(Web page caption snippets)

Content starts

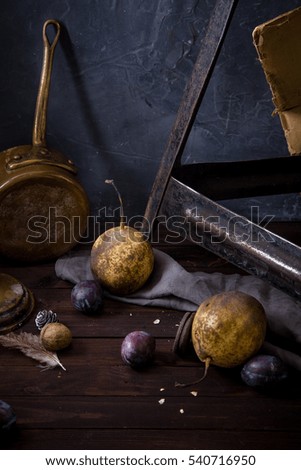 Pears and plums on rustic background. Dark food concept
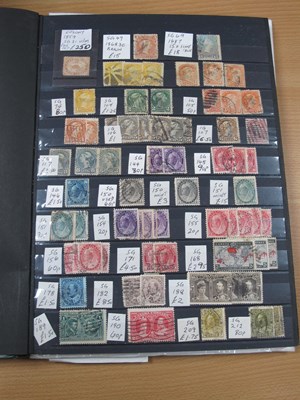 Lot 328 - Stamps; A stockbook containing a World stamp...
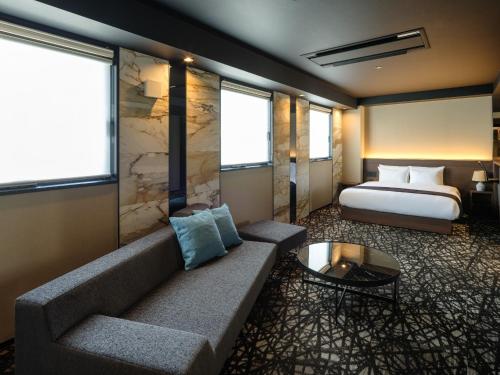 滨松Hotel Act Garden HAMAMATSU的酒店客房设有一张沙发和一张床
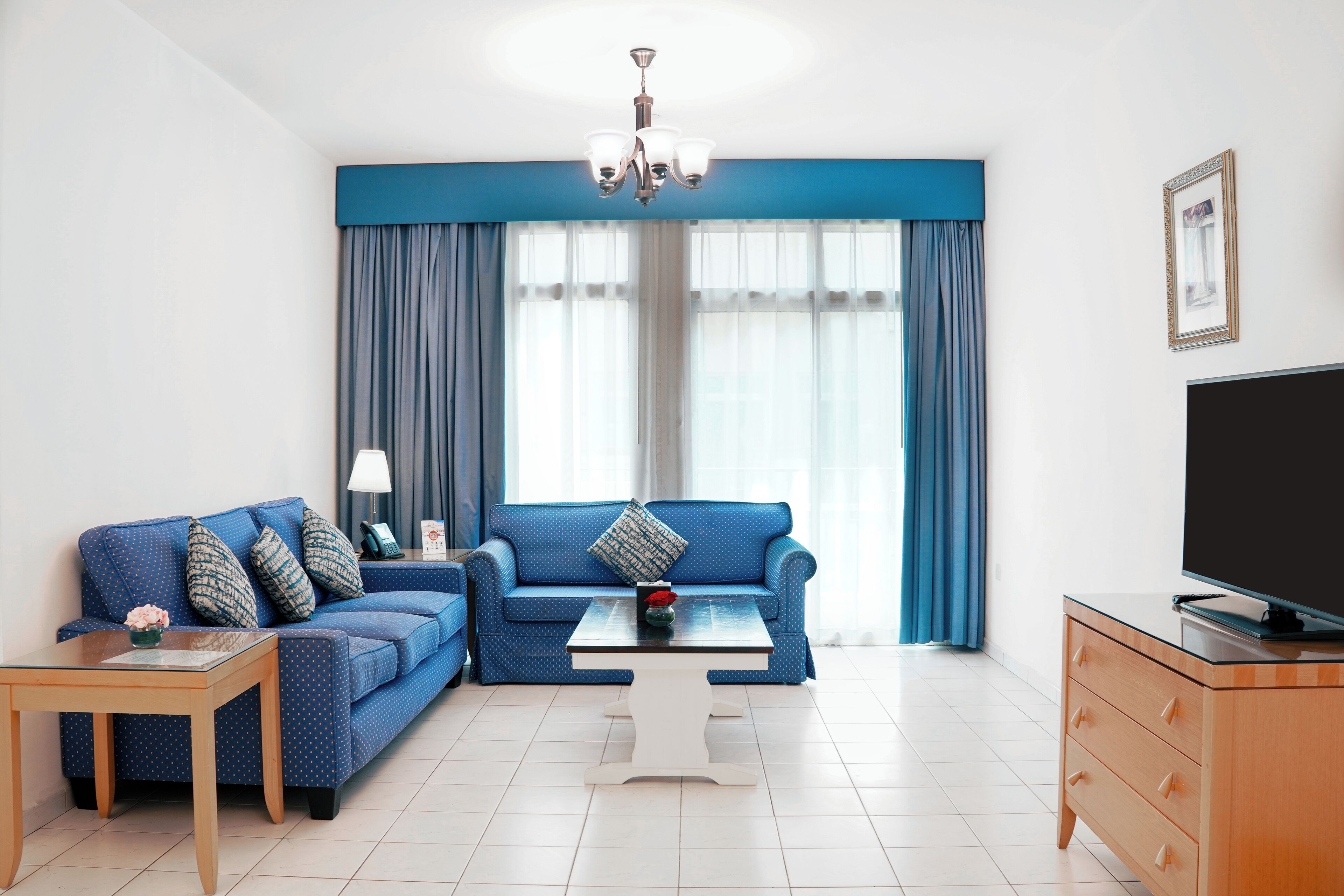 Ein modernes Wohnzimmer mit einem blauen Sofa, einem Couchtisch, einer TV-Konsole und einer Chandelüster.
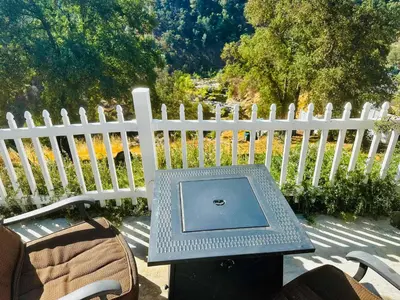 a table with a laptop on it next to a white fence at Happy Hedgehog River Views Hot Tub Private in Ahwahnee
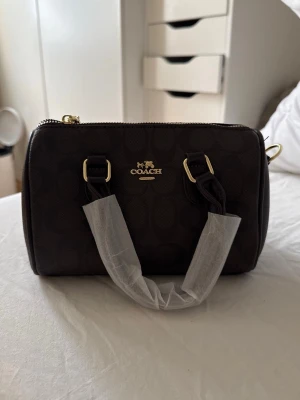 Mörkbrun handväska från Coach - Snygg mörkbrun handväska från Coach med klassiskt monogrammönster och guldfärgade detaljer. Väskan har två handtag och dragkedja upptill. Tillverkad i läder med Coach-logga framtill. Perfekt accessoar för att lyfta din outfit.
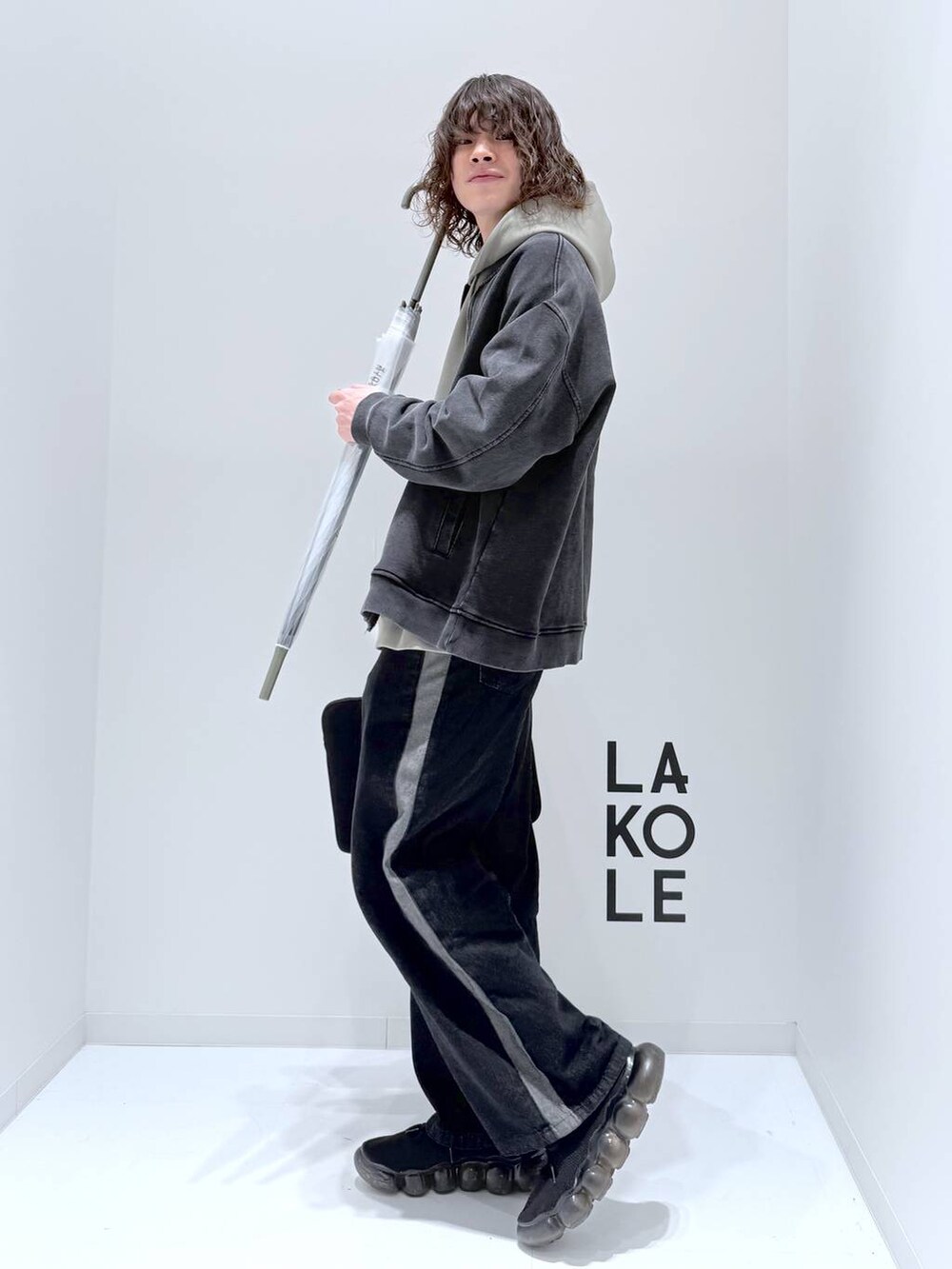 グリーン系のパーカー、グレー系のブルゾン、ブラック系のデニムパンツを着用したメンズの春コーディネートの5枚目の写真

Content ends

[Aim of the task]:
With the pictures removed, return all the entries exactly.

[Response area]:
 Pears and plums on rustic background. Dark food concept
 Lot 328 - Stamps; A stockbook containing a World stamp...
 滨松Hotel Act Garden HAMAMATSU的酒店客房设有一张沙发和一张床
 Ein modernes Wohnzimmer mit einem blauen Sofa, einem Couchtisch, einer TV-Konsole und einer Chandelüster.
 a table with a laptop on it next to a white fence at Happy Hedgehog River Views Hot Tub Private in Ahwahnee
 Mörkbrun handväska från Coach - Snygg mörkbrun handväska från Coach med klassiskt monogrammönster och guldfärgade detaljer. Väskan har två handtag och dragkedja upptill. Tillverkad i läder med Coach-logga framtill. Perfekt accessoar för att lyfta din outfit.
 グリーン系のパーカー、グレー系のブルゾン、ブラック系のデニムパンツを着用したメンズの春コーディネートの5枚目の写真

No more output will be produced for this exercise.